The Agency for the Cooperation of Energy Regulators (ACER) and the European Securities and Markets Authority (ESMA) published on Wednesday 1 March their respective final assessment report on the effects of the introduction of the ‘Market Correction Mechanism’ (MCM) aimed at capping the price of gas at EU level.
As gas prices were significantly lower in February than in the second half of 2022, the two agencies did not find that the adoption of the MCM had significant impacts on energy markets and security of supply, as previously stated in their preliminary reports of 23 January (see EUROPE 13105/11). However, ACER states that this does not mean that “the MCM will have no impact on financial and energy markets or on security of supply in the future”.
These reports are intended to guide the Commission in its decision to extend the mechanism to financial derivatives traded on other EU Virtual Trading Points, as foreseen in the EU Council Regulation (2022/2578) adopted in December 2022 and which entered into force on 1 February for a period of one year (see EUROPE 13112/28). They also aim to assess whether key elements of the implementation of the MCM, such as the dynamic cap mechanism, need to be revised.
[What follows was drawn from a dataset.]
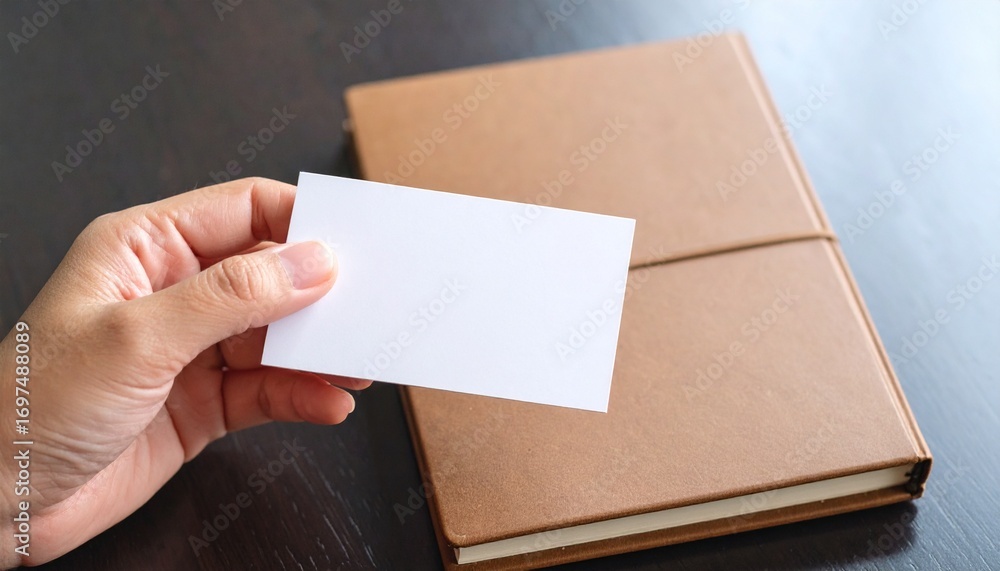 Obraz premium A person's hand holding a blank white business card over a brown journal, ideal for a professional branding mockup
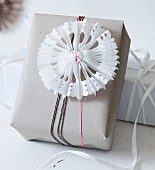Hand-made, pleated paper stars with cut-out patterns as festive decoration on wrapped gift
ACER considers that the extension of the MCM to other virtual trading points would not have significant negative effects on the gas markets. Nor does it identify any technical reasons to revise the technical principles of the MCM.
ESMA, on the other hand, is not convinced of the need to extend the MCM to other virtual trading points, given that gas derivatives trading activity is heavily concentrated in the TTF market. The lack of hindsight since the mechanism was introduced does not allow it to provide an assessment of the technical details of the MCM either.